The first-ever Digital Economy Report outlines enormous potential gains from the increasingly inter-connected global economy, but calls for “concerted global efforts to spread the wealth potential to the many people who currently reap little benefit from it.

US and China pull ahead, Africa and Latin America trail behind

The United States and China create the vast majority of wealth in the digital economy, the study reveals, and the two countries account for 75% of all patents related to blockchain technologies, 50% of global spending on the “Internet of Things” (IoT), more than 75% of the cloud computing market, and as much as 90% per cent of the market capitalization value of the world’s 70 largest digital platform companies.

The rest of the world, particularly countries in Africa and Latin America, are trailing considerably behind, and this trajectory is likely to continue, further contributing to rising inequality, said UN Secretary-General António Guterres, in a foreword to the report.

“We must work to close the digital divide” he writes, “where more than half the world has limited, or no access to the Internet. Inclusivity is essential to building a digital economy that delivers for all”.

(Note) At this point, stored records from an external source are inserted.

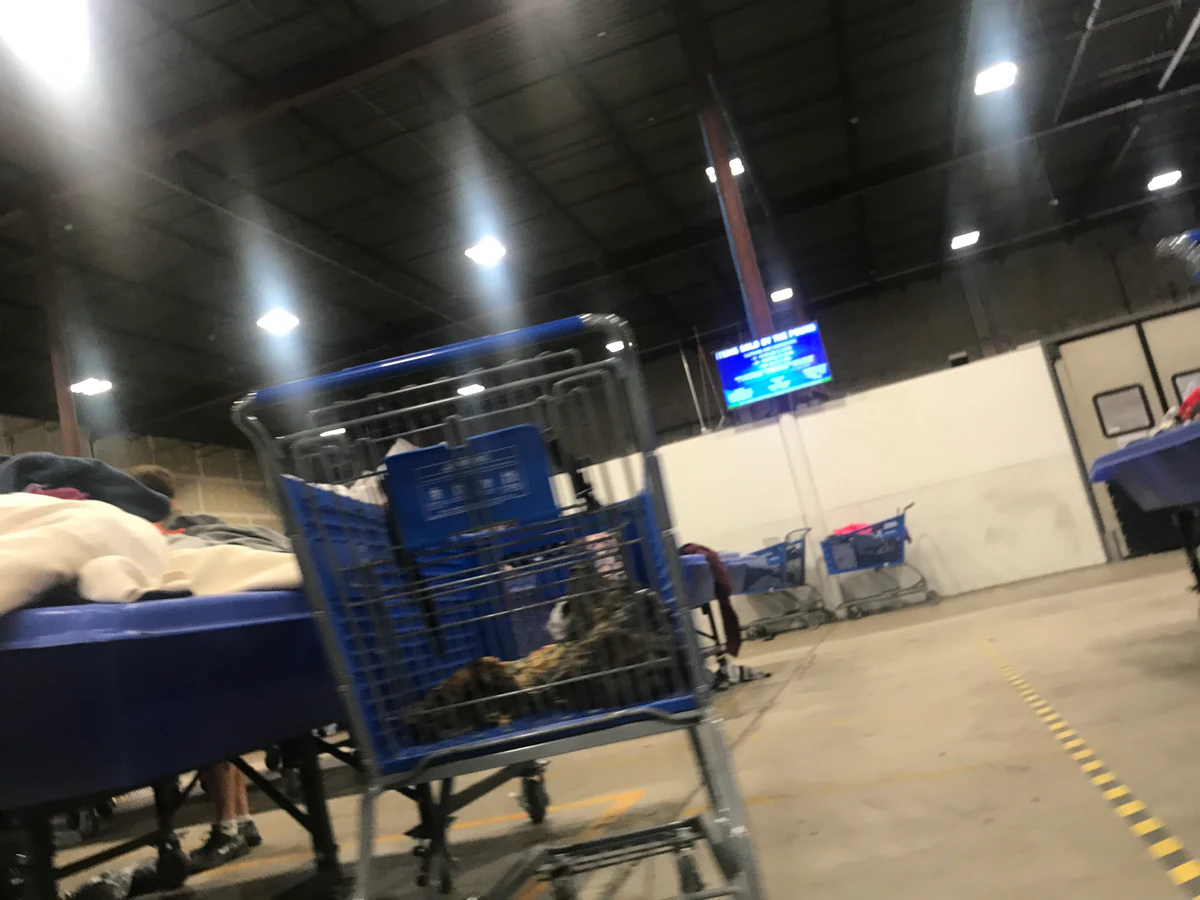 Goodwill Outlet in Salt Lake City, Utah, a Goodwill outlet store displaying a large open layout with rows of donation bins.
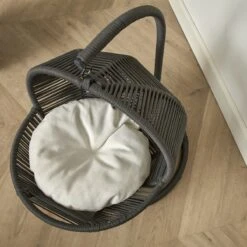 Veehaus - Odellia - Hangmat Voor Katten - Kattenmand - Kat Schommelnest - Katten Stoel - Kat Kasteel - Donker Grijs -Katten Benodigdheden Winkel 1200x1200 799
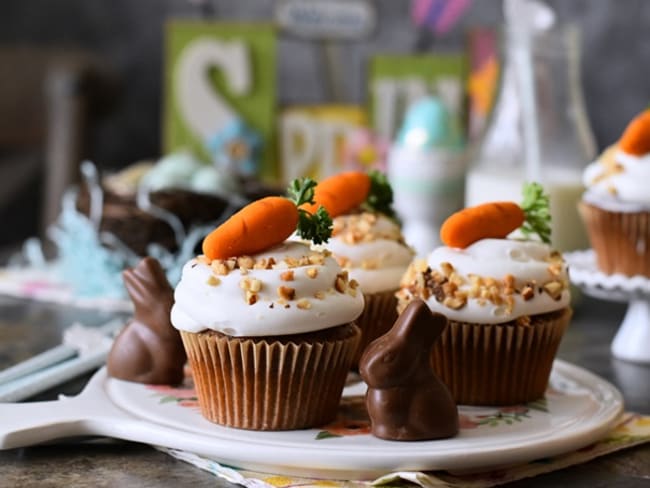 Le carrot cake cupcakes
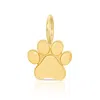 Maya Brenner Women's Charm Pendant - Paw Yellow Gold
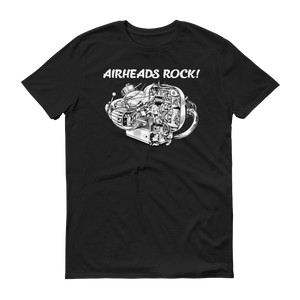 Air Heads Rock BMW Black T Shirt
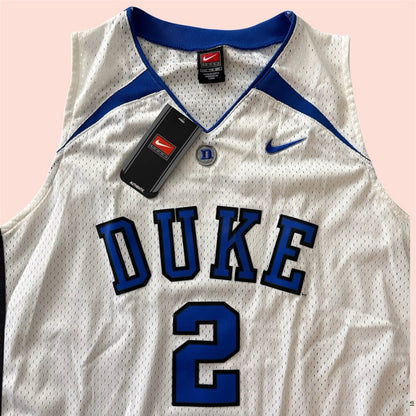 NWT Nike NCAA Duke Blue Devils #2 College Basketball Jersey Mens 2XL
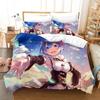 Anime Beauty Printed 3D Bedding Set Luoli Beauty Duvet Cover Pillowcase 2/3 Boy Animation Fan Quilt Cover AU/DE/EU/ES Full Size Quick Drying Bedspread
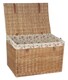 image 2 of Large Light Steamed Storage Basket with Garden Rose Lining | Multi | Garden Rose | L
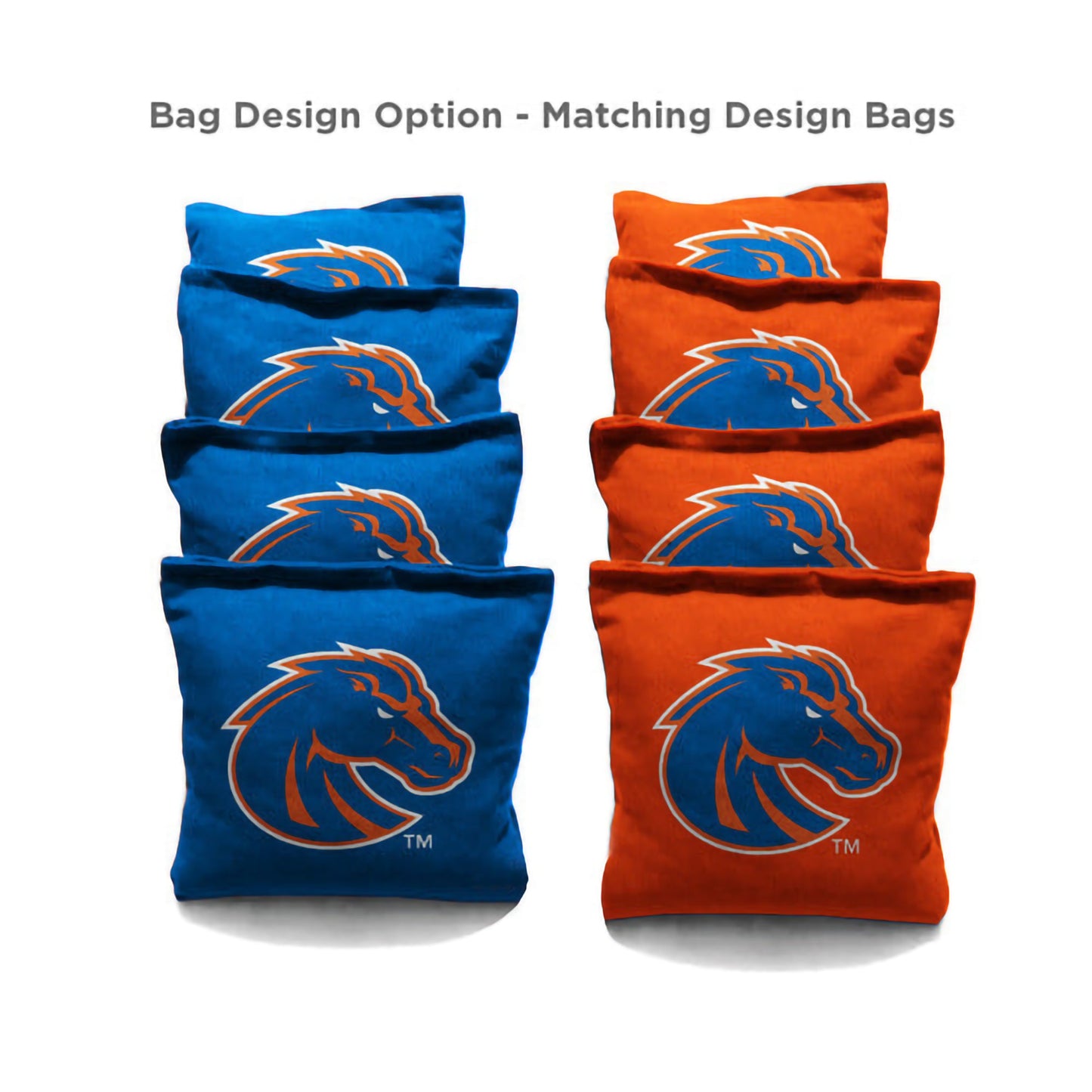 boise state cornhole bags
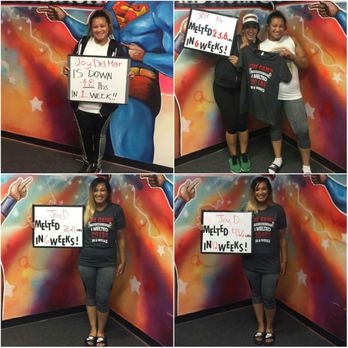 The Camp Transformation Center - Top 2 pics from 1st challenge. Bottom 2 from 2nd challenge & overall 43.6lbs lost in 12wks! - Weight Loss Centers Near Me - Carson, California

Massive increase in data on the horizon

Despite the impact that digital data has already had, the world is still in the early days of the data-driven economy, according to the study, which forecasts a dramatic surge in data traffic in the next few years.

This reflects the growth in the number of people using the Internet, and the uptake of frontier technologies such as blockchain, data analytics, artificial intelligence, 3D printing, IoT, automation, robotics and cloud computing.

Platforms to rule the world

Wealth and power in the digital sphere are increasingly being held by a small number of so-called “super platforms”, comprising the seven global brands Microsoft, Apple, Amazon, Google, Facebook, Tencent and Alibaba.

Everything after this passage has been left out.